**What you need to do**
Set down each line of the data below exactly.

-- Opening Marker --

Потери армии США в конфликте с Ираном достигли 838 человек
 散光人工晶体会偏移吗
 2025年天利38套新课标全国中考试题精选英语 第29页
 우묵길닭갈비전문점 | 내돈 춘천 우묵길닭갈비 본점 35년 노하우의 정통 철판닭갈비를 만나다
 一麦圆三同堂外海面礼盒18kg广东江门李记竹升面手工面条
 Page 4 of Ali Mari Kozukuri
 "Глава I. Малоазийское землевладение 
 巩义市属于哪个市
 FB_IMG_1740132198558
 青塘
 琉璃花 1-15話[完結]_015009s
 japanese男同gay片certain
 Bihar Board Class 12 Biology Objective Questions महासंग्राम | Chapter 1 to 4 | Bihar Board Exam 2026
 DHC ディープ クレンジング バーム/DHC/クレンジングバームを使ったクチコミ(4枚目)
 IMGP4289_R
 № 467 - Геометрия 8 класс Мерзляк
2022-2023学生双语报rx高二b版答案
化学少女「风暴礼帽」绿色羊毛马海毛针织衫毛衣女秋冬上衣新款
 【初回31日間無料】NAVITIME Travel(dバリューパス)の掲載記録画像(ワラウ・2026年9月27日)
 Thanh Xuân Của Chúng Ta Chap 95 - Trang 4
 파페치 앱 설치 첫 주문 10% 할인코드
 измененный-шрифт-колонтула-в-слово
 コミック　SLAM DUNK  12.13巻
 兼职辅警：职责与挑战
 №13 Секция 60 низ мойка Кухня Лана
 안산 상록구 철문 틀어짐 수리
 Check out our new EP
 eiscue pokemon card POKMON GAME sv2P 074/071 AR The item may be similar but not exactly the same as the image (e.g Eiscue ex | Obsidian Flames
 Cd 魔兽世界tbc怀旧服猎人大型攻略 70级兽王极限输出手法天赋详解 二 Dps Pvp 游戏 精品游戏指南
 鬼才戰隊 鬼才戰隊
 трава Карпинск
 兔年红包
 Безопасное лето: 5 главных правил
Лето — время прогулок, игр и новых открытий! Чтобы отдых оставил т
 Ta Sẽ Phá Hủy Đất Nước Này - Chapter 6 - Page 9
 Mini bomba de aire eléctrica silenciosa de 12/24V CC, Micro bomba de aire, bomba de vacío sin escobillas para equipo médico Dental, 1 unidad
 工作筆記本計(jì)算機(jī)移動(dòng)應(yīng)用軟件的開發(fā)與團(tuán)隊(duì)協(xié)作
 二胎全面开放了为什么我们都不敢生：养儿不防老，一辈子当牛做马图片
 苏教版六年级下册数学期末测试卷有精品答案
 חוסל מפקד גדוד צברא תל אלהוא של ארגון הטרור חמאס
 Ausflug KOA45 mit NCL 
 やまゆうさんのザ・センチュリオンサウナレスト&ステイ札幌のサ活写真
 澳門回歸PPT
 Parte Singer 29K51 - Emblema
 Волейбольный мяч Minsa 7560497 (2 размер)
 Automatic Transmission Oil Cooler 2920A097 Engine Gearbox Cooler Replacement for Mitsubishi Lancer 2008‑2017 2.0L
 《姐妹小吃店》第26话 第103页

-- Closing Marker --

**Solution to this task**
Потери армии США в конфликте с Ираном достигли 838 человек
 散光人工晶体会偏移吗
 2025年天利38套新课标全国中考试题精选英语 第29页
 우묵길닭갈비전문점 | 내돈 춘천 우묵길닭갈비 본점 35년 노하우의 정통 철판닭갈비를 만나다
 一麦圆三同堂外海面礼盒18kg广东江门李记竹升面手工面条
 Page 4 of Ali Mari Kozukuri
 "Глава I. Малоазийское землевладение 
 巩义市属于哪个市
 FB_IMG_1740132198558
 青塘
 琉璃花 1-15話[完結]_015009s
 japanese男同gay片certain
 Bihar Board Class 12 Biology Objective Questions महासंग्राम | Chapter 1 to 4 | Bihar Board Exam 2026
 DHC ディープ クレンジング バーム/DHC/クレンジングバームを使ったクチコミ(4枚目)
 IMGP4289_R
 № 467 - Геометрия 8 класс Мерзляк
2022-2023学生双语报rx高二b版答案
化学少女「风暴礼帽」绿色羊毛马海毛针织衫毛衣女秋冬上衣新款
 【初回31日間無料】NAVITIME Travel(dバリューパス)の掲載記録画像(ワラウ・2026年9月27日)
 Thanh Xuân Của Chúng Ta Chap 95 - Trang 4
 파페치 앱 설치 첫 주문 10% 할인코드
 измененный-шрифт-колонтула-в-слово
 コミック　SLAM DUNK  12.13巻
 兼职辅警：职责与挑战
 №13 Секция 60 низ мойка Кухня Лана
 안산 상록구 철문 틀어짐 수리
 Check out our new EP
 eiscue pokemon card POKMON GAME sv2P 074/071 AR The item may be similar but not exactly the same as the image (e.g Eiscue ex | Obsidian Flames
 Cd 魔兽世界tbc怀旧服猎人大型攻略 70级兽王极限输出手法天赋详解 二 Dps Pvp 游戏 精品游戏指南
 鬼才戰隊 鬼才戰隊
 трава Карпинск
 兔年红包
 Безопасное лето: 5 главных правил
Лето — время прогулок, игр и новых открытий! Чтобы отдых оставил т
 Ta Sẽ Phá Hủy Đất Nước Này - Chapter 6 - Page 9
 Mini bomba de aire eléctrica silenciosa de 12/24V CC, Micro bomba de aire, bomba de vacío sin escobillas para equipo médico Dental, 1 unidad
 工作筆記本計(jì)算機(jī)移動(dòng)應(yīng)用軟件的開發(fā)與團(tuán)隊(duì)協(xié)作
 二胎全面开放了为什么我们都不敢生：养儿不防老，一辈子当牛做马图片
 苏教版六年级下册数学期末测试卷有精品答案
 חוסל מפקד גדוד צברא תל אלהוא של ארגון הטרור חמאס
 Ausflug KOA45 mit NCL 
 やまゆうさんのザ・センチュリオンサウナレスト&ステイ札幌のサ活写真
 澳門回歸PPT
 Parte Singer 29K51 - Emblema
 Волейбольный мяч Minsa 7560497 (2 размер)
 Automatic Transmission Oil Cooler 2920A097 Engine Gearbox Cooler Replacement for Mitsubishi Lancer 2008‑2017 2.0L
 《姐妹小吃店》第26话 第103页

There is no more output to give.